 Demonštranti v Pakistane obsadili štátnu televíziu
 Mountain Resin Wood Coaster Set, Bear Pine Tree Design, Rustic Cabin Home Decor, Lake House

▬▬▬▬▬▬▬▬▬▬

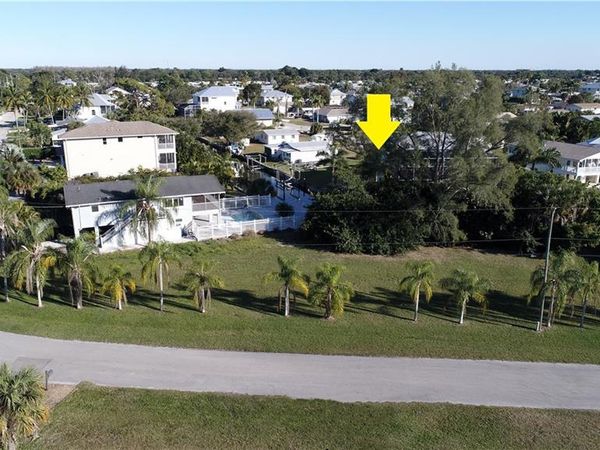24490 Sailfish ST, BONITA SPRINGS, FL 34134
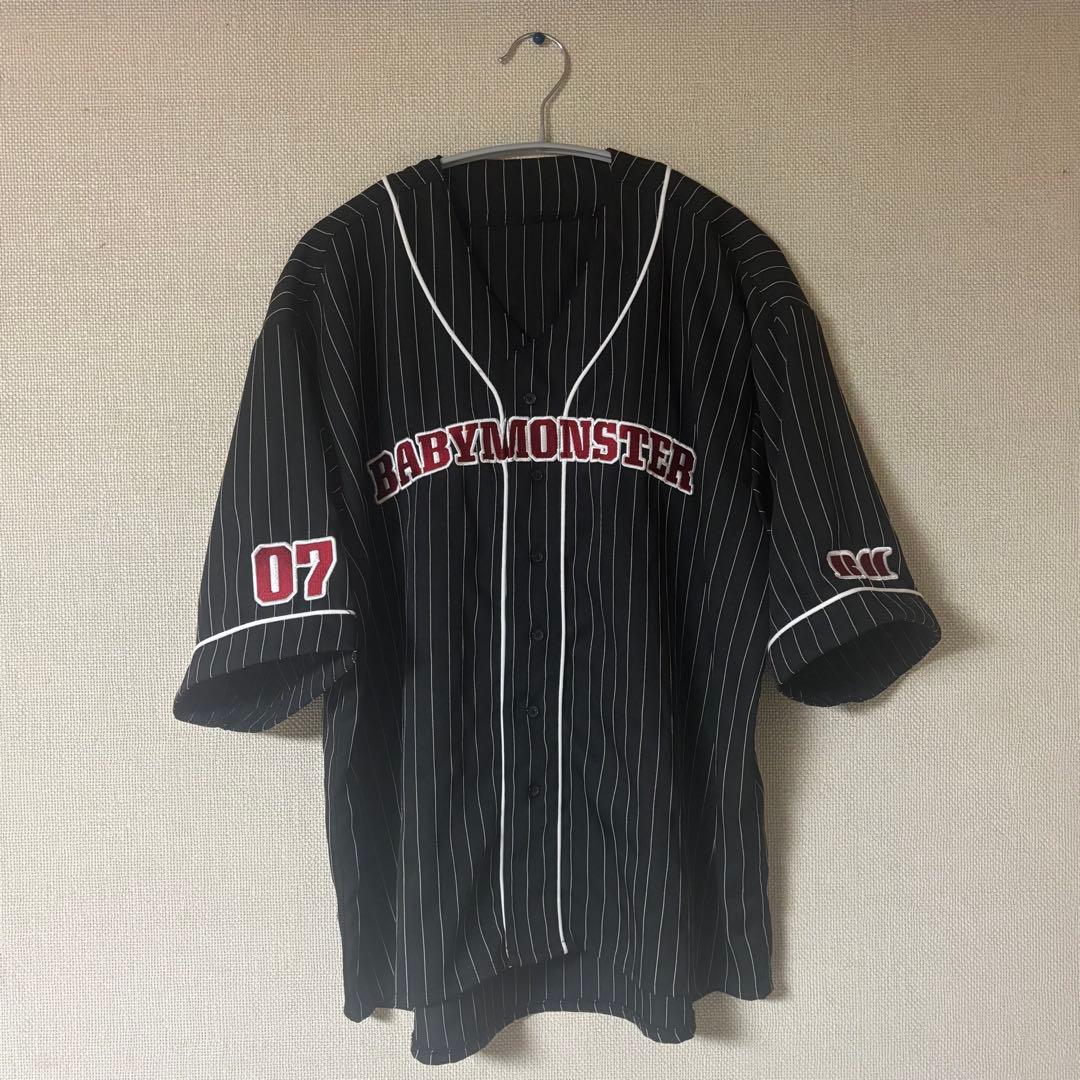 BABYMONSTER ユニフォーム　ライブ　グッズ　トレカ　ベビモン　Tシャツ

▬▬▬▬▬▬▬▬▬▬

Assignment =
Set down, exactly as they stand above, the lines starting with the line with "Demonštranti v Pakistane" and going on through the line with "Mountain Resin Wood", and no others.

Answer below =
 Demonštranti v Pakistane obsadili štátnu televíziu
 Mountain Resin Wood Coaster Set, Bear Pine Tree Design, Rustic Cabin Home Decor, Lake House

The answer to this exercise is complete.